Long Dock is an ideal and natural alignment of building for breathtaking public views, hotel room views and energy conservation. The hotel/conference center will combine the best of environmentally sustainable building practices with exceptional guest comfort and service. While the exterior landscape is preserved and protected, the interior environment will provide guests with an unparalleled relaxing and refreshing experience.

With its many sustainable strategies, Long Dock Beacon will no doubt achieve a high rating from the United States Green Building Council’s LEED award program.2 Many of the strategies listed below will be part of the LEED plan to make the building’s performance and the building’s features as green as possible. In several important ways, Long Dock Beacon will go beyond the LEED rating system and the success will be measured by the users and the community.

The building as a measure of the Landscape

The building has been located on the site in order to mediate between two natures, the green nature to the south and the civic nature to the north. Scenic Hudson, which owns the site, is building a 13-acre nature preserve on the land to the south of Long Dock. The building edges the park and looks over it from a slightly elevated public level. Its elegant location allows both guests and visitors to experience one of the most dramatic views along the entire river.

The north edge is a more urban place, bordering and partaking in the busy Beacon harbor movements and train station energy. Because the building’s low height makes it somewhat recessive, it will become an active observer of both worlds and enhance each by gently separating them.

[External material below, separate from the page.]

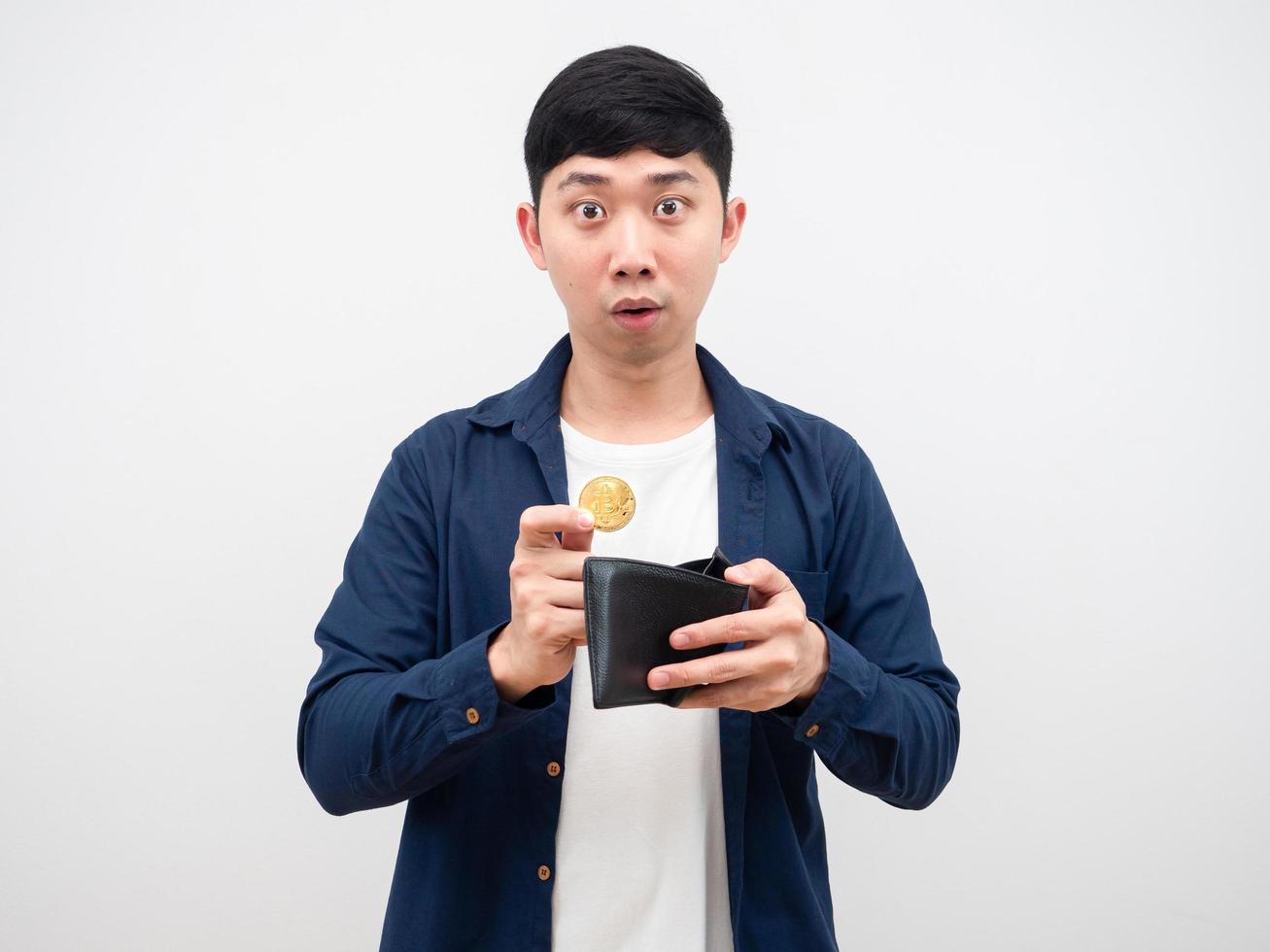 Asian man pick up bitcoin from his wallet feeling amazed at face on white background digital money concept photo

The ability to protect the community

The Long Dock site has been the scene of industrial activities that damaged the river and polluted the community. The hotel conference center, by encouraging guests to arrive by train, by bus connections from Stewart airport, and even by boat, will eliminate much potential pollution and the negative impact it would have on the community.

A lesson in beauty

What will sustainability gain us if it is not ultimately more beautiful? The architect has described the building as a viewing device for the landscape. Like a race car is sculpted to cheat friction and its beauty comes from its aerodynamic form, the long pier building will be like a green garden hedge, its beauty intrinsic in its simple mission to provide a device for viewing and experiencing the river and the landscape.